What you need to do
Repeat the data exactly, please; no pictures belong in the copy.

Input Block Start

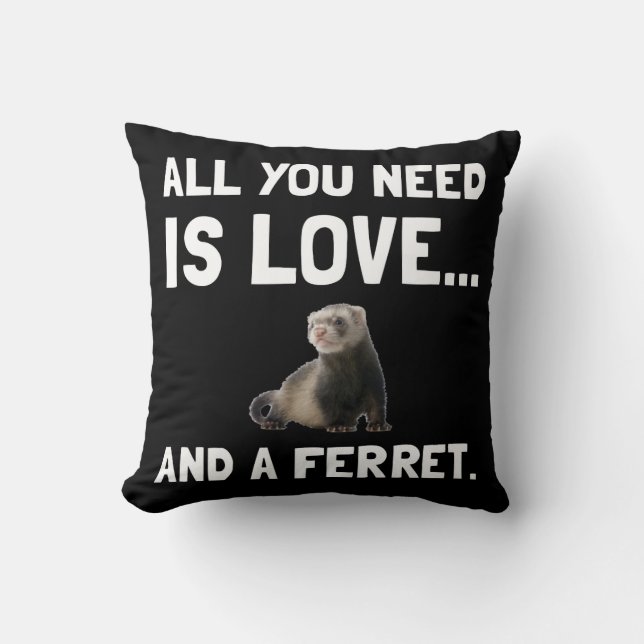Coussin Amour et un furet (Recto)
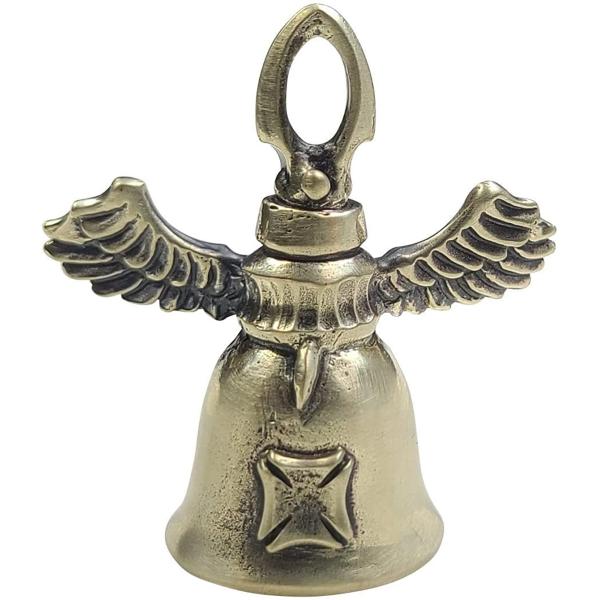 ドライヴ dk008 ガーディアンベルエンジェルキーチェーンブラス真鍮 メンズ ベル 魔よけ バイカ...
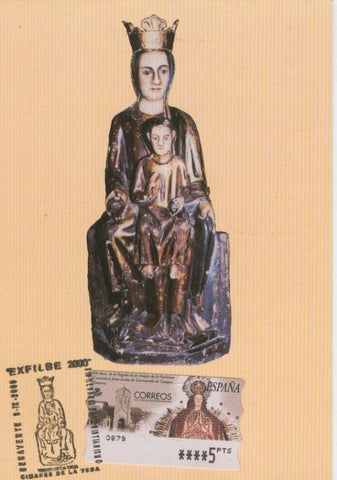 Postal 012882: Virgen de la Vega (Santuario de Cimanes de la Vega)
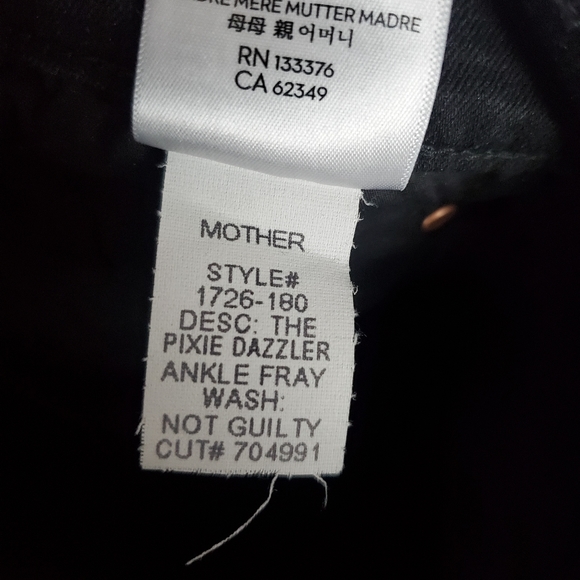 NEW Mother The Pixie Dazzler Ankle Fray Not Guilty Exposed Button Jeans Size 31 - Picture 14 of 16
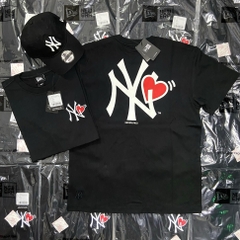 ÁO NEW ERA VALENTINE COUPLE HEART NEYYAN T-SHIRT BLACK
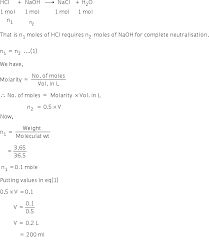 The mass of the solute. The Volume Of 05 Molars Naoh Solution Required For Complete Neutralization Of 365 Gram Hcl Is Gi4mkkoo Chemistry Topperlearning Com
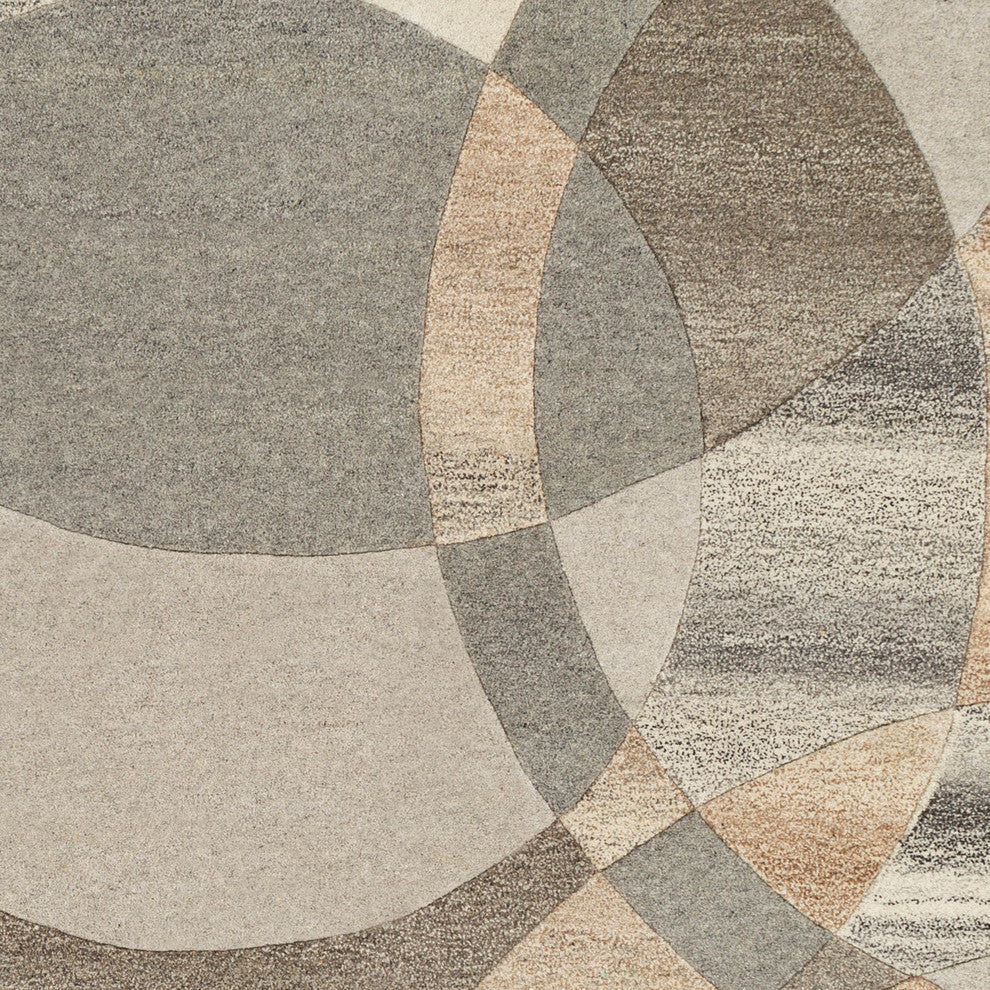 Forum Modern Gray Area Rug, 4' Square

Input Block End

Finished task
Coussin Amour et un furet (Recto)
 ドライヴ dk008 ガーディアンベルエンジェルキーチェーンブラス真鍮 メンズ ベル 魔よけ バイカ...
 Postal 012882: Virgen de la Vega (Santuario de Cimanes de la Vega)
 NEW Mother The Pixie Dazzler Ankle Fray Not Guilty Exposed Button Jeans Size 31 - Picture 14 of 16
 ÁO NEW ERA VALENTINE COUPLE HEART NEYYAN T-SHIRT BLACK
 The mass of the solute. The Volume Of 05 Molars Naoh Solution Required For Complete Neutralization Of 365 Gram Hcl Is Gi4mkkoo Chemistry Topperlearning Com
 Forum Modern Gray Area Rug, 4' Square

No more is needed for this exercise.